Recorded data below:

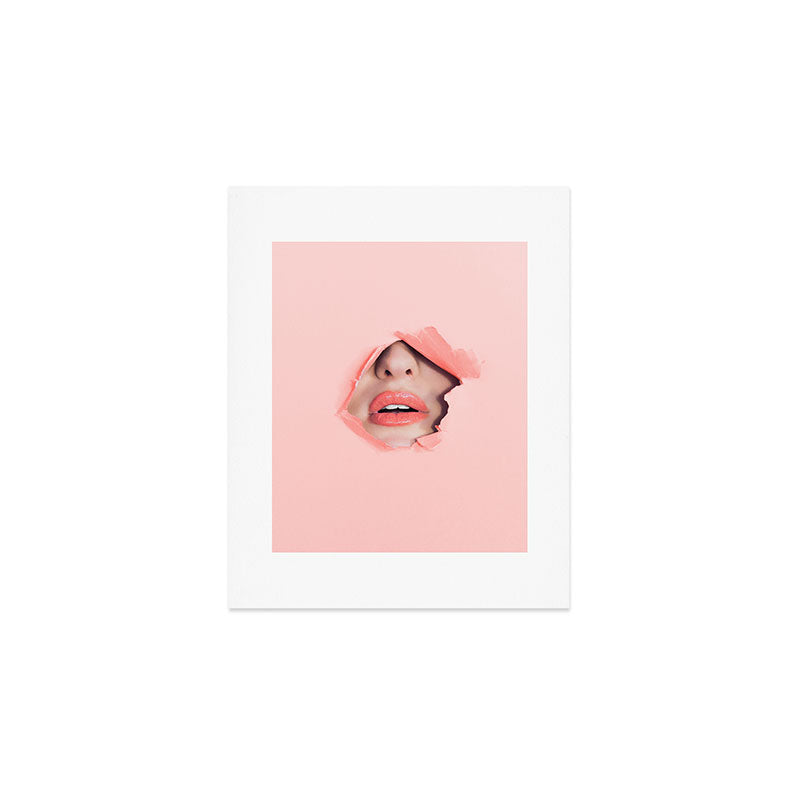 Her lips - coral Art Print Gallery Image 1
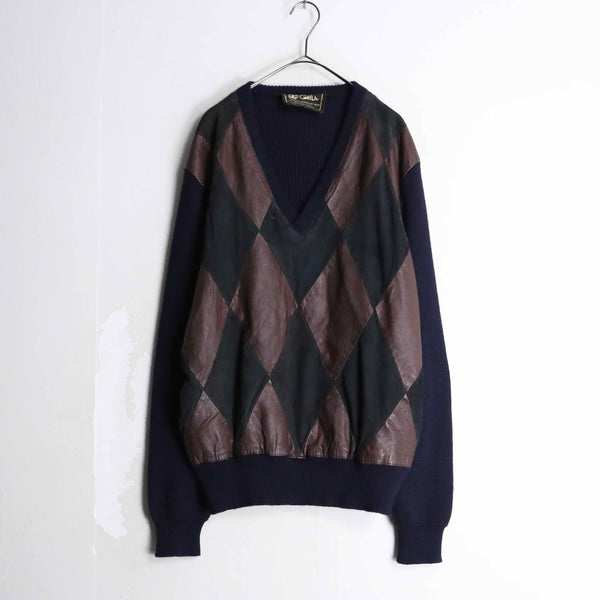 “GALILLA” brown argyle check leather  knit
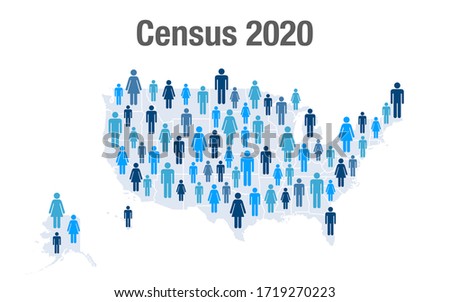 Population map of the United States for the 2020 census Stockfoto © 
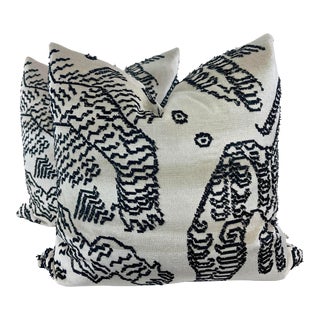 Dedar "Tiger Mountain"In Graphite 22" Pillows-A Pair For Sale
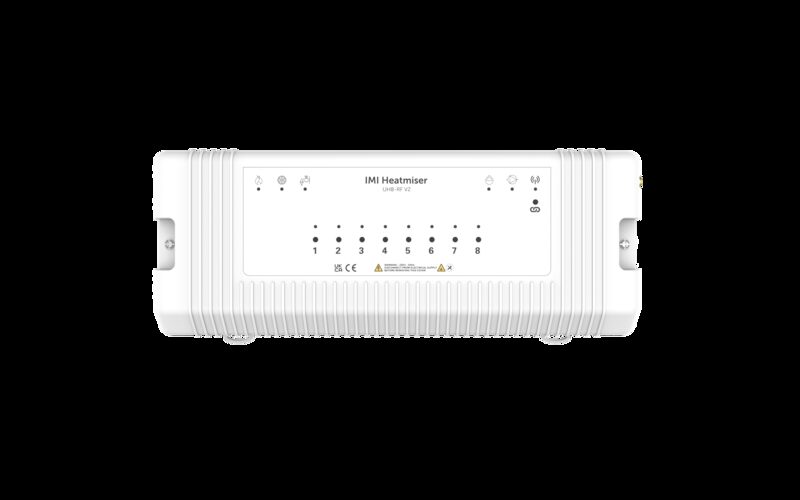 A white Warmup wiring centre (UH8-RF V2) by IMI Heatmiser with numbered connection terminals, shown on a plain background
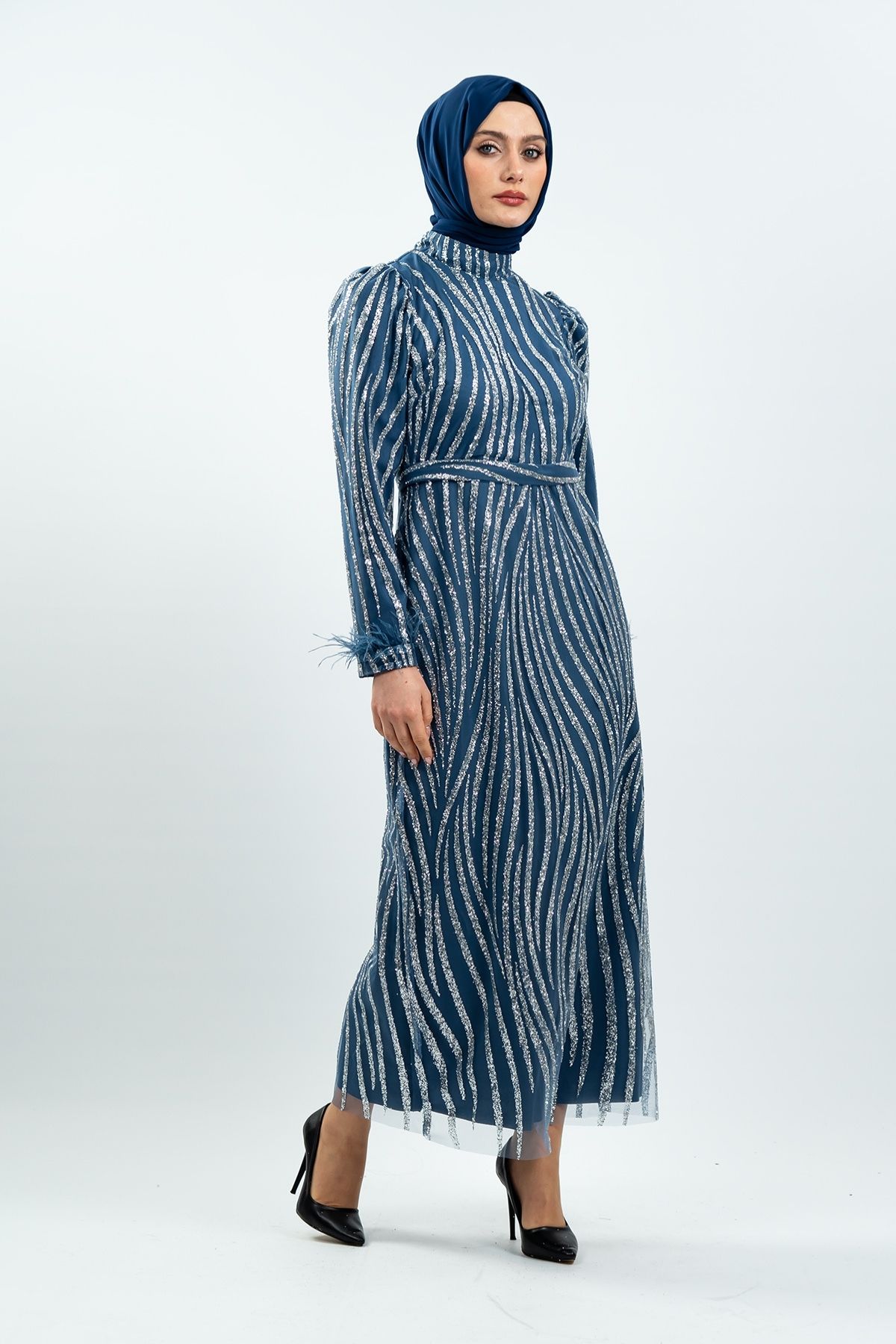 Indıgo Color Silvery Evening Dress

End of Recorded data.

### Directions for this task
Your reply should consist solely of the lines above from the line containing "brown argyle check" up to and including the line containing "A white Warmup", reproduced exactly, minus the pictures.

### Solution to this exercise
 “GALILLA” brown argyle check leather  knit
 Population map of the United States for the 2020 census Stockfoto © 
 Dedar "Tiger Mountain"In Graphite 22" Pillows-A Pair For Sale
 A white Warmup wiring centre (UH8-RF V2) by IMI Heatmiser with numbered connection terminals, shown on a plain background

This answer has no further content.